IRC channel logs

2020-06-17.log

back to list of logs

***drakonis1 is now known as drakonis
***dsmith-w` is now known as dsmith-work
<dsmith-work>wingo: currnet master (has arm patch) compiled and build just fone on a stock rasbian buster rpi.
<dsmith-work>Probably was using the new compiler instead of jit?
<dsmith-work>I mean, with the new compiler, is the jit still used as heavily?
<dsmith-work>However, seems to be stuck n srfi-18.test
<dsmith-work>Running again. All tests pass.
<dsmith-work>Not with JIT_THRESHOLD=0 though.
<dsmith-work>Fails at different places on repeated runs too.
<dsmith-work>So, how do I just run say, "test-language"
<dsmith-work>Like this? ./meta/uninstalled-env test-suite/standalone/test-language
<dsmith-work>Hmm. Can't find q.scm when I do that.
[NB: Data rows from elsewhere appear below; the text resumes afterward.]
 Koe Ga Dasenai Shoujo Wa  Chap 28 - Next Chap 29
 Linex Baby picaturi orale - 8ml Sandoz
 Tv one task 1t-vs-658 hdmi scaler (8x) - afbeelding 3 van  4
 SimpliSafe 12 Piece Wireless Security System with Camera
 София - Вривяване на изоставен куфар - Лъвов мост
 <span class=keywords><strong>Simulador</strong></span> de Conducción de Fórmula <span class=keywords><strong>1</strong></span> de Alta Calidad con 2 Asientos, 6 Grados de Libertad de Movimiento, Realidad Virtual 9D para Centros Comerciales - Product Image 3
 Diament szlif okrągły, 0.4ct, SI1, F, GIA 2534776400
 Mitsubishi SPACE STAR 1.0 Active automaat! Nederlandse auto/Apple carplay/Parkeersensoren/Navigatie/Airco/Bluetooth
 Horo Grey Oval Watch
<mwette>maybe meta/guile test-suite/standalone/test-language
<dsmith-work>test-suite/standalone/test-language is a shell script.
<mwette>oh
<mwette>are you trying to run the srfi-18 test?
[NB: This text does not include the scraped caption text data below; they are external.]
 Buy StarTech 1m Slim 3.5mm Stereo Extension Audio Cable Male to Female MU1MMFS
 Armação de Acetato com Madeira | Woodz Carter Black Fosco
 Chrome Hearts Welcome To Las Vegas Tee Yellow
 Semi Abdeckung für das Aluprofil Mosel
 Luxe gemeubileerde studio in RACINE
<dsmith-work>No. It's failing earlier in the "standalone" tests.
<dsmith-work>With JIT_THRESHOLD=0
<dsmith-work>mwette: to recap, first "make check" hung on the srfi-18 test. Second "make check" finsihed with no errors.
<dsmith-work>GUILE_JIT_THRESHOLD=0 make check has several failures in the "standalone" tests.
<dsmith-work>And not always the same tests fail.
<dsmith-work>So I wanted to just run one of the failing tests.
<dsmith-work>test-language was one.
<dsmith-work>But I can't seem to run it at all.
<dsmith-work>regardless of the jit threshold
<dsmith-work>And this on and armv7 rpi3
<mwette>Yea, trying to narrow down is what I'd do.
<mwette>Are you building in the source dir or in separate build dir?
<dsmith-work>In source
<dsmith-work>And here is what makes it hard. "GUILE_JIT_THRESHOLD=0 ./meta/guile" worked 11 times and filed with a segfault on the 12th.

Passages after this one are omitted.